The speed is really not 20MPH but 20 plus the speed of the Escalade vectored an an angle to the pole that is on the corner. If nobody is braking and the wheels are turning, the Escalade is not truly being slid sideways. Rather it’s moving with a combination of sliding and rolling at an angle. I think it’s plausible.

I agree with Al Bundy, especially when you allow for this. In many model years, the Mustang’s front end slanted down like a wedge. As it broadsided the higher Escalade, it would have lifted some of its weight off the near-side tires of the Escalade, thus reducing its resistance to going sideways.

Bill Door, you’re mixing up energy and momentum in that argument. Some (in fact, a very significant amount) of the energy will be lost to heat, in the crumple zones and elsewhere. But momentum is also conserved, and unlike energy, momentum can’t “hide” in non-mechanical forms like heat. The impact can be very straightforwardly and accurately modeled as a maximally-inelastic momentum-conserving collision.

I don’t know what “a normal rate of acceleration” for the Escalade is, nor how far or how long it was accelerating, so I’ll just assume that it was initially at rest, for the sake of simplicity (this shouldn’t be too bad, anyway, since it seems like the perpendicular component is most significant here).

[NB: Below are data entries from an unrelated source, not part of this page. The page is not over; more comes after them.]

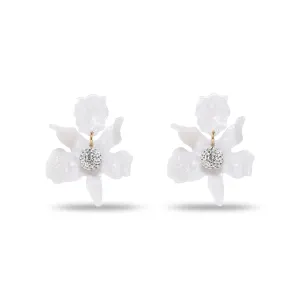 MOTHER OF PEARL SMALL CRYSTAL LILY EARRINGS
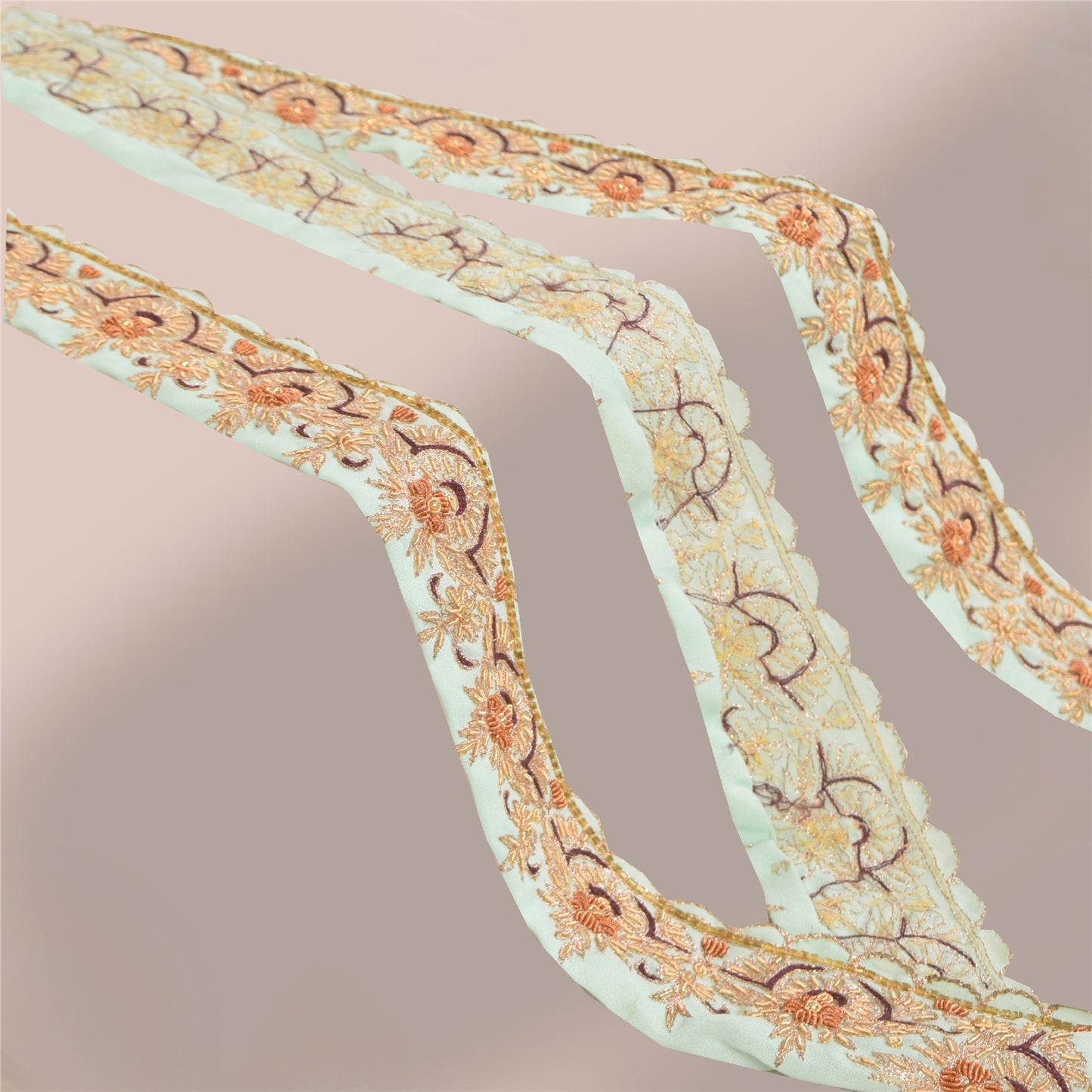 Sanskriti Vintage 1YD Sari Border Hand Beaded Zardozi Trim Sewing Sea-Green Lace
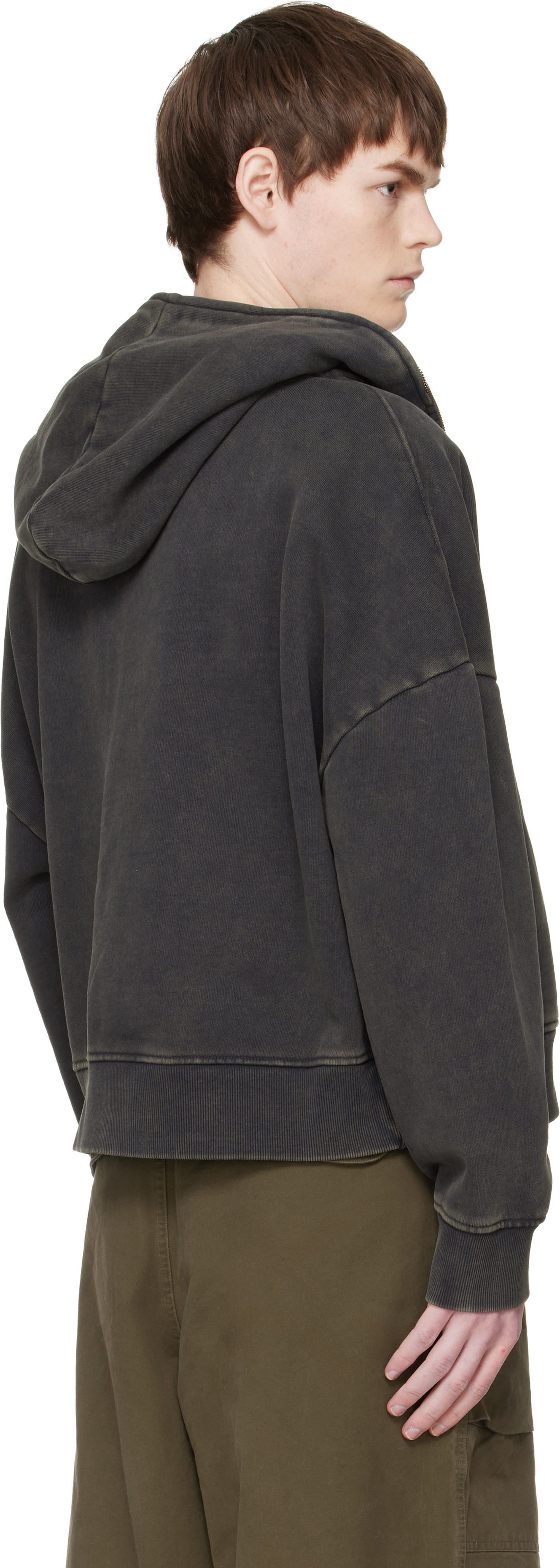 Entire Studios - Pull à capuche noir à glissière prolongée
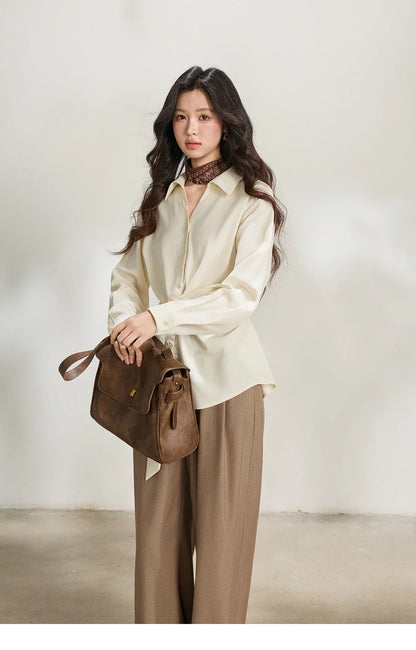 Women's Lapel Collar Long Sleeve Shirt 2026 Spring with Belted Waist Casual Loose Soft Beige Shirt Office Lady MXF13C2452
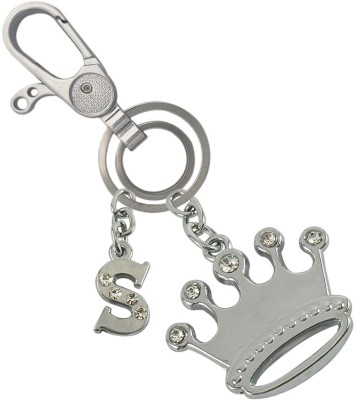 SHOKY LOOKS Beautiful Diamond Princess Crown With S Letter Locking Lock Key Chain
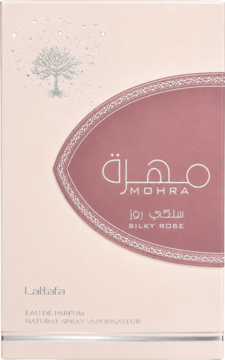 Lattafa Mohra Silky Rose EDP, beżowo-różowe pudełko z napisem Mohra i srebrnym drzewem, widok z przodu.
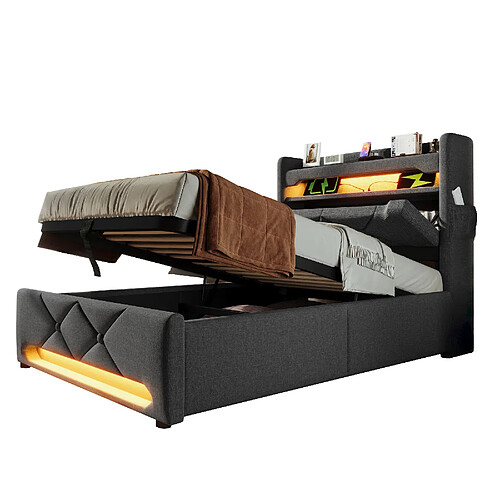 STILVORA Lit rembourré 180×200 cm en lin beige avec LED 360°, tête de lit avec USB/Type-C et coffre hydraulique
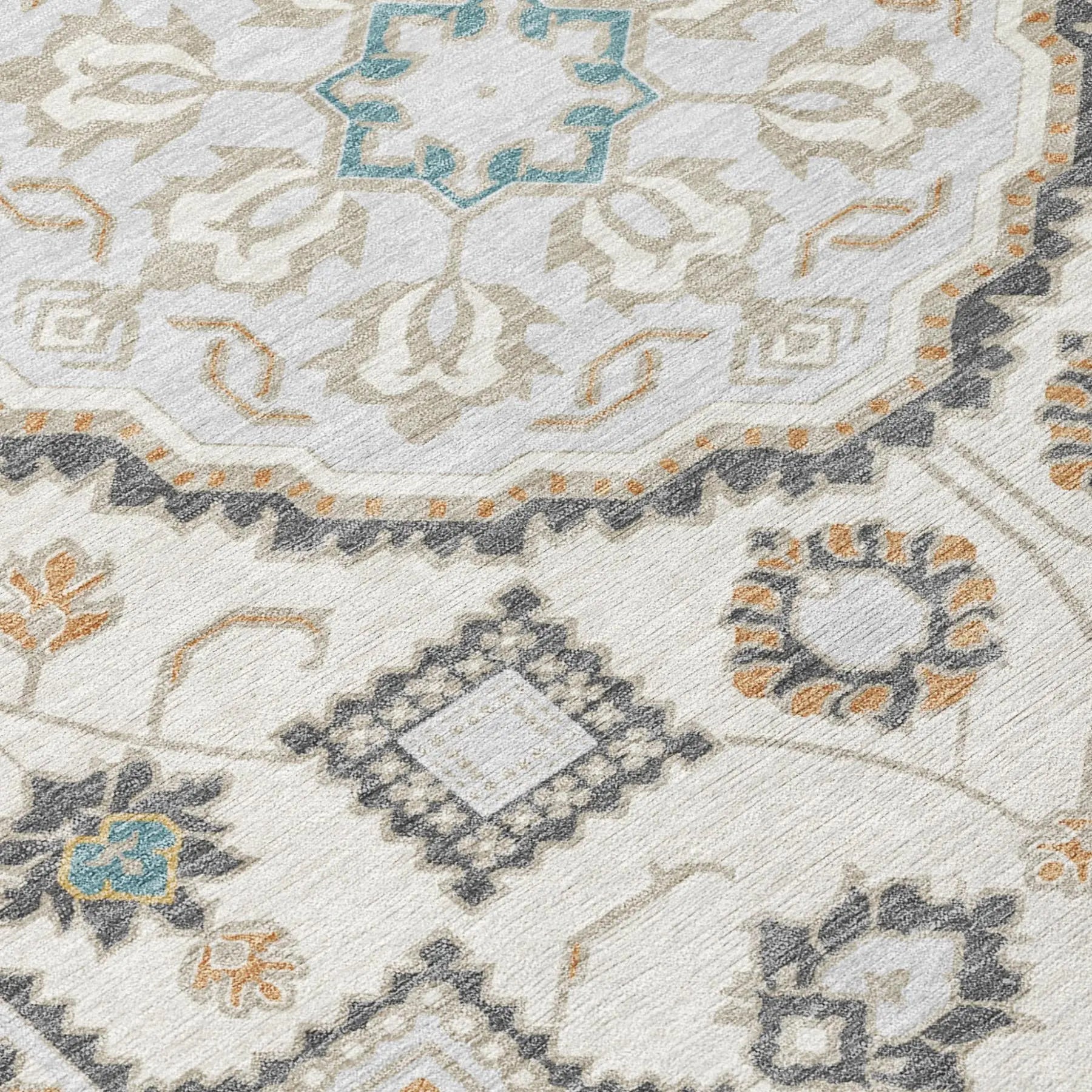 8' X 10' Ivory And Silver Floral Medallion Washable Indoor Outdoor Area Rug Homeroots Outdoor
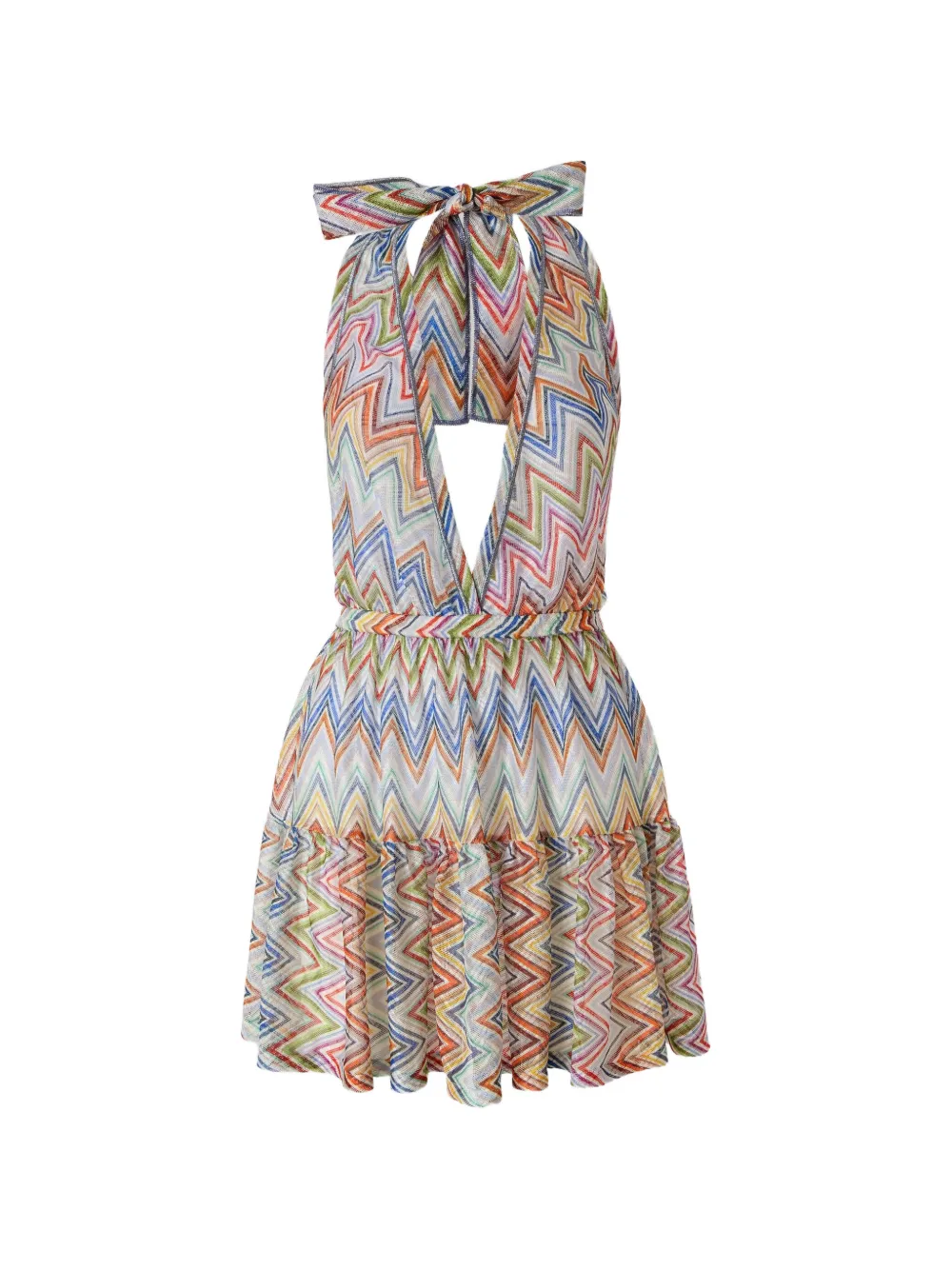 Missoni Abito con ruches e motivo a zig zag - Bianco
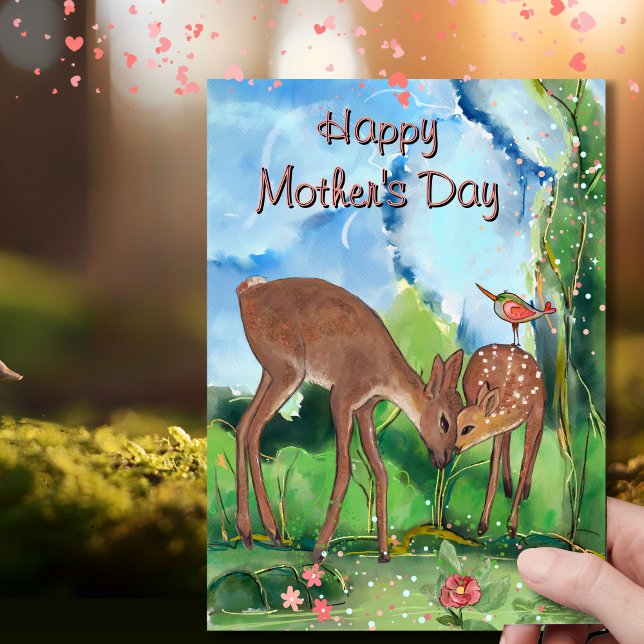 Whimsical Deer Mors dag  Julkort (Whimsical Deer Mother's Day Holiday Card)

Before the collision, then, all of the momentum was in the Mustang, which had an momentum of P = mv = 3750*20 pound miles per hour, or 75000 pmph. Immediately after the collision, the two cars are effectively a single body with a mass of 9450 pounds. For a body with 9450 pounds of mass and a momentum of 75000 pmph, its speed must be 75000/9450, or 7.94 mph.

OK, now we have the speed of the ugly 8-wheeled car right after the collision. What kind of friction coefficient would we need for this pile of wreckage to slide 25 feet? We do this using conservation of energy. The object has a kinetic energy of 1/2 * mv^2. This energy is dissipated over a distance x, via a frictional force of mumg (where mu is the coefficient of friction). If we assume that this was the maximum extent of the sliding, then all of the energy is dissipated this way, so the work (force times distance) is equal to the total initial energy: mumgx = 1/2 * m*v^2, or canceling out the mass and solving for mu, mu = v^2/(2gx).

At this point, I’m going to take the liberty of converting everything to metric, since I don’t know the value of g in miles per square hour off the top of my head. v = 3.55 m/s, x = 7.62 m, and g = 9.8 m/s^2. This means that, for the mangled cars to slide as far as stated, the coefficient of friction must have been at most 0.084 . This might be plausible if the Escalade were lifted completely off the ground and the whole mess was basically rolling on the Mustang’s wheels, but wheels sliding on pavement generally have a mu somewhere in the vicinity of 1, and the Escalade’s wheels would be sliding sideways, not rolling, so if any significant amount of the Escalade’s weight was still resting on its wheels (as I would expect), you wouldn’t be able to slide that far.